Table 4. International Experience: Examples of Criteria that are Part of the Proportionality Rules and that Capture Costs at the Meso and Macro Level
|Country||Criterion capturing impacts at meso and macro levels||Level of negative impacts|
|South Korea||The regulatory proposals represent a clear deviation from international standards.||Macro|
|The regulatory proposals clearly limit competition in the market.||Meso|
|United States||The regulatory proposals adversely affect in a material way the economy, a sector of the economy, productivity, competition, jobs, the environment, public health or safety, or State, local, or tribal governments or communities.

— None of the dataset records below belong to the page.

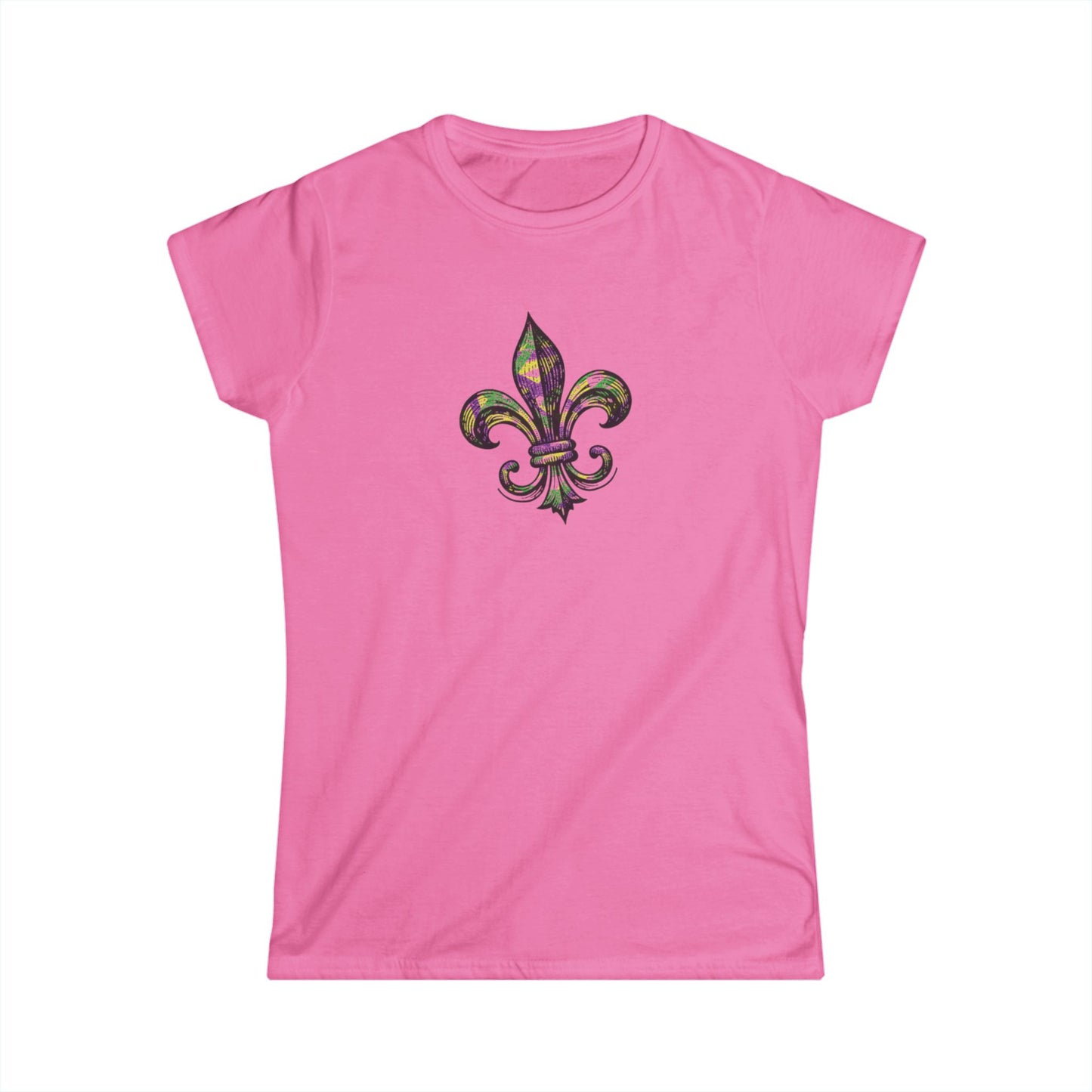 Women's Mardi Gras Fleur-de-Lis Cajun T-Shirt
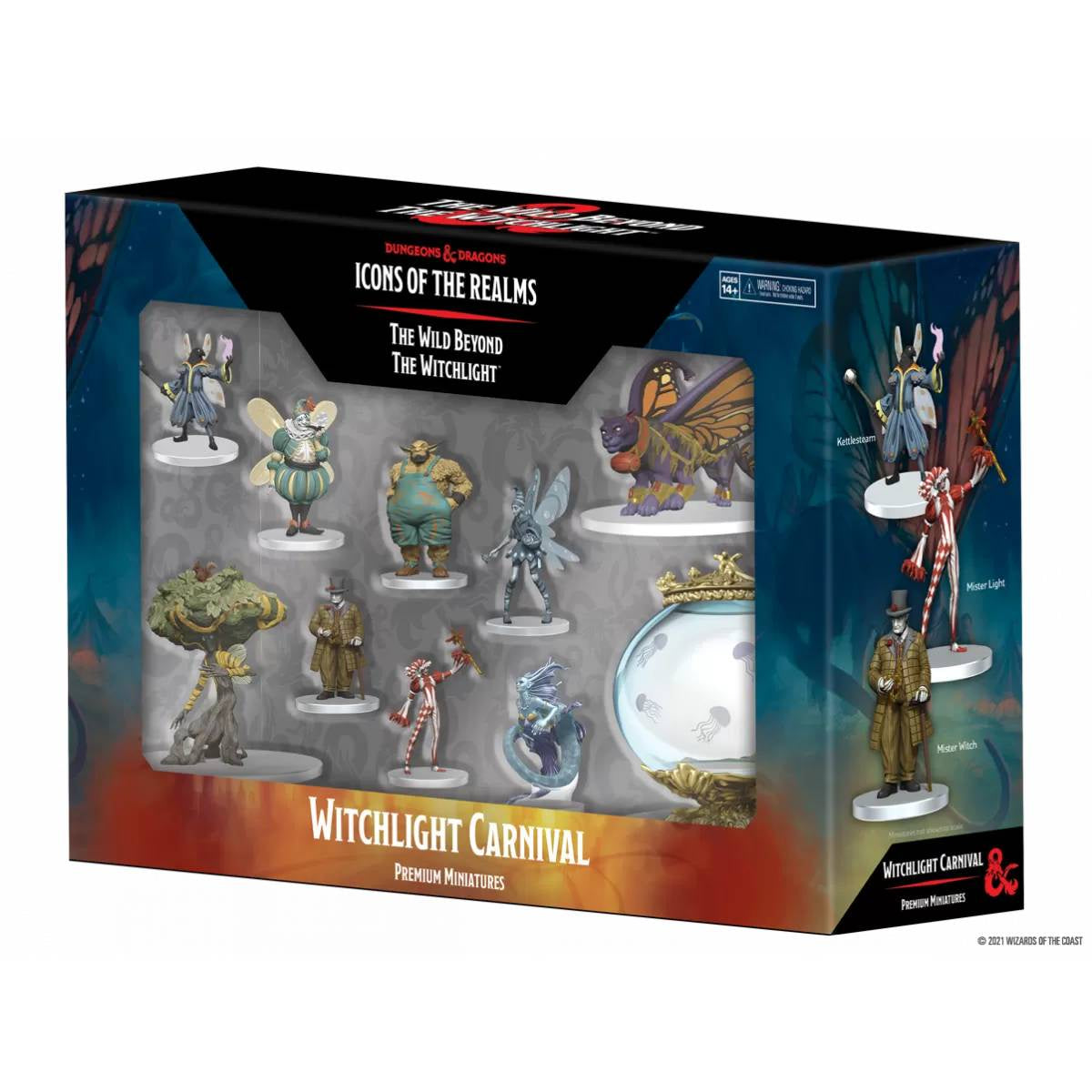 Dungeons &amp; Dragons Icons of the Realms Miniatures The Wild Beyond the Witchlight - Witchlight Carnival Premium Set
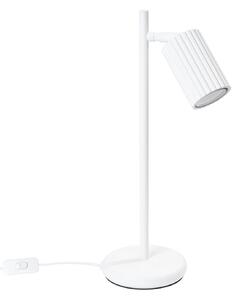 Stolní lampa Karbon, 1x bílé kovové stínítko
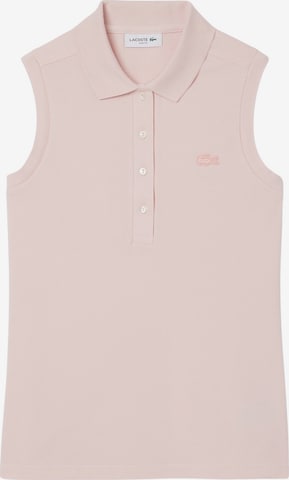 Top di LACOSTE in rosa: frontale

|United States||The regulatory proposals create a serious inconsistency or otherwise interfere with an action taken or planned by another agency.||Meso|
|United States||The regulatory proposals materially alter the budgetary impact of entitlements, grants, user fees, or loan programs or the rights and obligations of recipients thereof.||Meso|
Source: Prepared by the authors with information from the regulatory systems of the countries indicated.
The criteria used in the United States, for instance, are broad and allow for capturing the potential negative impacts of regulations from different levels, for example, whether a regulation ” creates serious inconsistencies or otherwise interferes with an action taken or planned by another agency” is a criterion that provides coherence to the regulatory framework of a nation, state or municipality, and allows identifying inconsistencies that could generate compliance costs to individuals in the medium and long term, even if at the time of issuing the regulation, no tangible and direct compliance costs to individuals were identified in the short term.
In this sense, preventing regulatory proposals with compliance costs at the meso or macro level from being exempted from presenting their corresponding RIA would allow for a complete mapping of the possible impacts of the regulation, not only in negative terms, but also in positive ones. This is important because the scope of regulations is not limited to citizens; they also impact economic and population sectors, specific regions and, in general, an entire country. Having clarity on the scope of regulatory impacts would make it possible to better approximate the net social benefit (positive or negative) of regulations.
Conclusions And Public Policy Recommendations
The regulatory review system in Mexico has been institutionalized since 2000. From the beginning, Mexico adopted a proportionality rule based on the concept of compliance costs. This rule has made it possible to efficiently manage the regulatory review system, since this mechanism has allowed discerning between regulatory projects that should be accompanied by an RIA and those that should not be accompanied by an RIA and should only be subject to a simple and minimal review, through an RIA exemption request.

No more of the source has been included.